GALLERY: Peek Into The Underground Garage Where The World’s Top Concours Autos Sleep
Photography by Patrice Minol
The grounds of Villa d’Este, host of the world-famous Concorso d’Eleganza, make up what is perhaps the ultimate backdrop for beautiful automobiles and the well-dressed folks who’ve come to look at them. With a wide view of Lake Como, there are Rivas and hydroplanes slicing through the deep blue of the water and the lighter shade of the sky, with the occasional helicopter adding to the vehicular display. In short, it’s a remarkable place to hold a “car show.” Even the parking area outside the main space reveals treasures, as can be seen below.
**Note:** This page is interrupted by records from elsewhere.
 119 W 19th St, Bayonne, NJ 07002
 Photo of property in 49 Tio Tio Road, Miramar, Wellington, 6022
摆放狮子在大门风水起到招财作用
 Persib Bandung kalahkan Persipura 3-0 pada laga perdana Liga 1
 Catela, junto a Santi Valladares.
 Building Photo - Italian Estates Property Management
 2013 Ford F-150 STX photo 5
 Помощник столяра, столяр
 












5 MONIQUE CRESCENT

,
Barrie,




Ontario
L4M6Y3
But with that said, the almost literally hidden side of the event can be even more interesting. Because the cars are surrounded by other works of mechanical and architectural art during the main show, their individual specialness is diluted. Set them somewhere comparatively mundane though, and we get a little bit of the so-called “in the wild” factor that returns some of that otherworldly status back them. I’m talking about the parking garage where most of the contestants’ cars spend the night before the big show. Populated with Concorso autos, the underground-cave-like space makes for the perfect minimalistic contrast to the villa above. There are also some cars not in the running for the trophies, but regardless, there is no lack of drool-producers here.
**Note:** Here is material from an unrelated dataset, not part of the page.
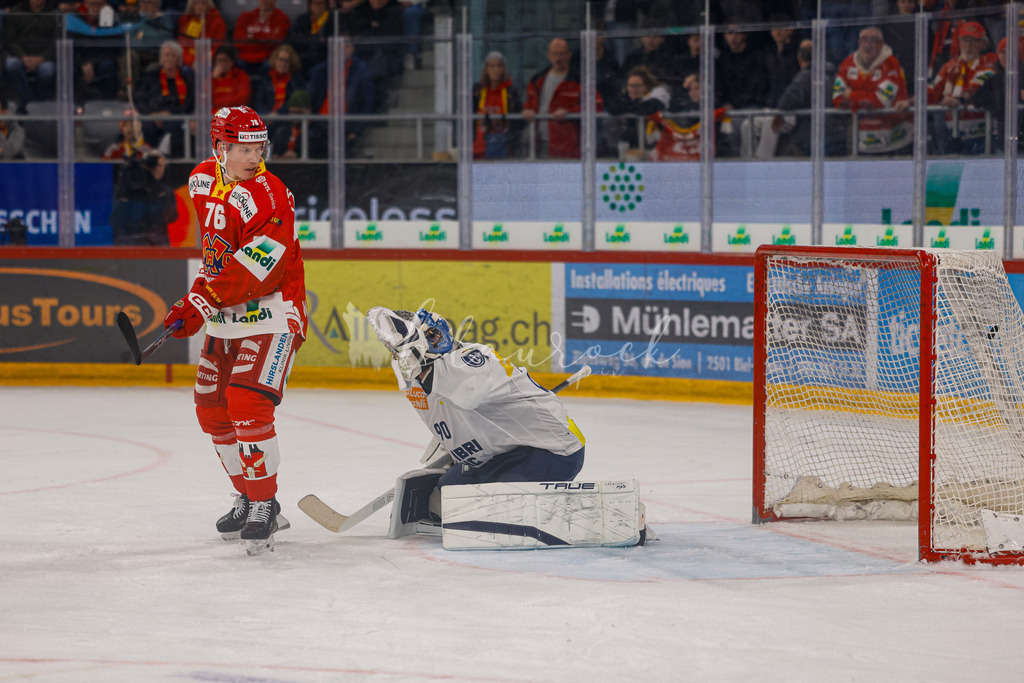EHCB vs HCAP 20260115_wb-4756 | Sportbilder, Sportfotograf, Hochzeits- und Eventfotografin, Flugshows, Portraits und Tiershooting, Aviation, Downhill, Nationalleague, Swissleague, International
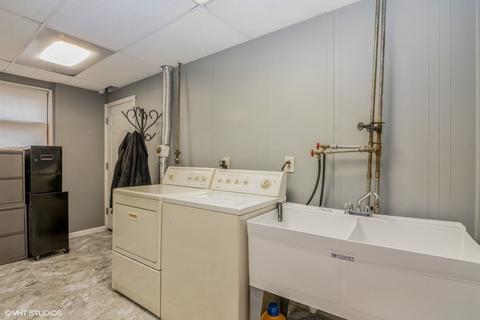 14101 S Manistee Ave, Burnham, IL 60633 photo 6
Without the throngs of people and their cameras and phones held high, it is almost eerily empty in comparison to the event that the cars are waiting for. They seem more alive down here, like hibernating predators or stashed treasure, depending on which one we’re looking at. Some, like the jaw-dropping Herb Adams-designed Pontiac Vivant and Pininfarina-penned Ferrari Modulo, fall squarely into both camps. They look radical regardless of what’s around them, but the stark concrete and stone tableau allow one to picture the impossible scenario of stumbling upon them in an office parking structure—even though this is among the most exclusive garages on the planet, it still offers a similar kind of juxtaposition between ultra-rare cars and banality that makes something like a Miura more fun to spot sitting in traffic than neatly arranged on a golf course lawn.
The 1953 O.S.C.A MT4 Spider was my favorite to spend time with though. A car company founded by the Maserati brothers when they returned to Bologna in 1947, O.S.C.A.s are always a treat to take in in person. There is said to be only 72 MT4s built in period, and as is the fate of many of its contemporaries, far fewer have survived.
Among the exceptional group of cars parked underneath Villa d’Este for the 2019 event, there was also the Concorso’s 2018 winner: a Ferrari 355 Sport, which looks every bit as beautiful as a 250 TR, but goes a bit further by the tune of some 430hp from its V12. It is said that only three such cars remain in existence, so I felt of course very lucky to have the chance to admire this one, and the same can be said for everything it shared this lovely staging area with.